Pennsylvania legislator justified high betting taxes
Reading Time: 2 minutes


Rep. Robert Matzie,  the Pennsylvania legislator who played a big role in drafting the sports betting legislation of the state, said the number of sports betting applicants and their eagerness to start business justify the high taxes imposed in the legislation.

As per the state’s legislation, the betting companies will have to part with 36 per cent of their earnings as tax. Still, the Pennsylvania Gaming Control Board (PGCB) received sports betting license applications from Hollywood Casino and Parx , committing the $10 million fee.

As far as state is concerned that’s enough to prove that the exorbitant 36 per cent sports betting tax rate is not too high for the market to bear.

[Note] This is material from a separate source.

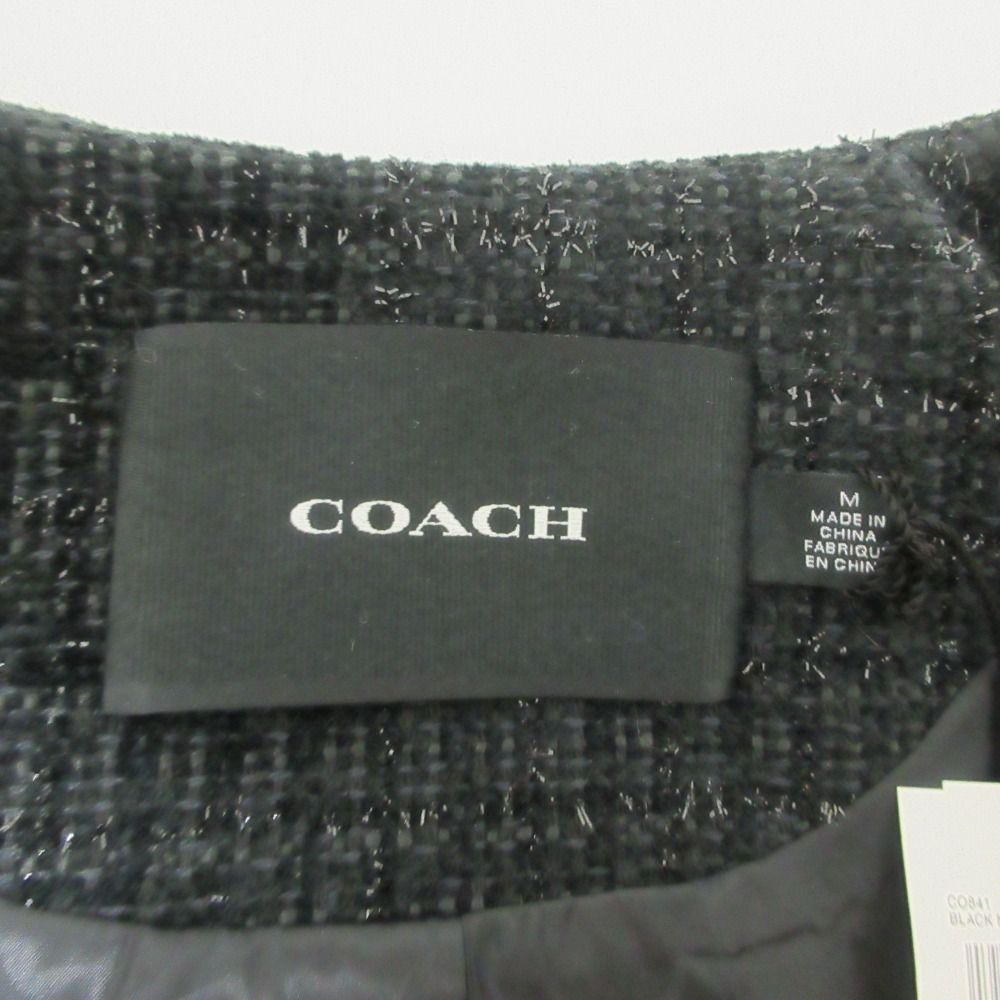 美品 COACH コーチ ツイード ノーカラー ジャケット CO841 M ブラック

Matzieis understandably jubilant: “Since the dominoes have begun to fall with the two filings, I think it’s inevitable the rest will also,”

Matzie was the sponsor of the original legislation that led to state-regulated sports betting in Pennsylvania.

Voters have something to thank him for, but the sports betting companies may not be quite so enthusiastic.

They will be hoping that over time, PA lawmakers will revisit the tax issue and bring taxes into line with those in Nevada (6.75 per cent) or New Jersey (8 per cent in casinos and racetracks, 12 per cent for online sports betting).

Matzie isn’t offering any support for their position: “I thought all along it was a non-starter to open anything up [in terms of the tax rate], and I think this pretty much puts the nail in the coffin.”

Matzie originally had the sports betting tax rate at 18 per cent, the same as the table games rate. After further examination, the rate was simply doubled because sports betting was considered to be more similar to slots, which are taxed at 54 per cent.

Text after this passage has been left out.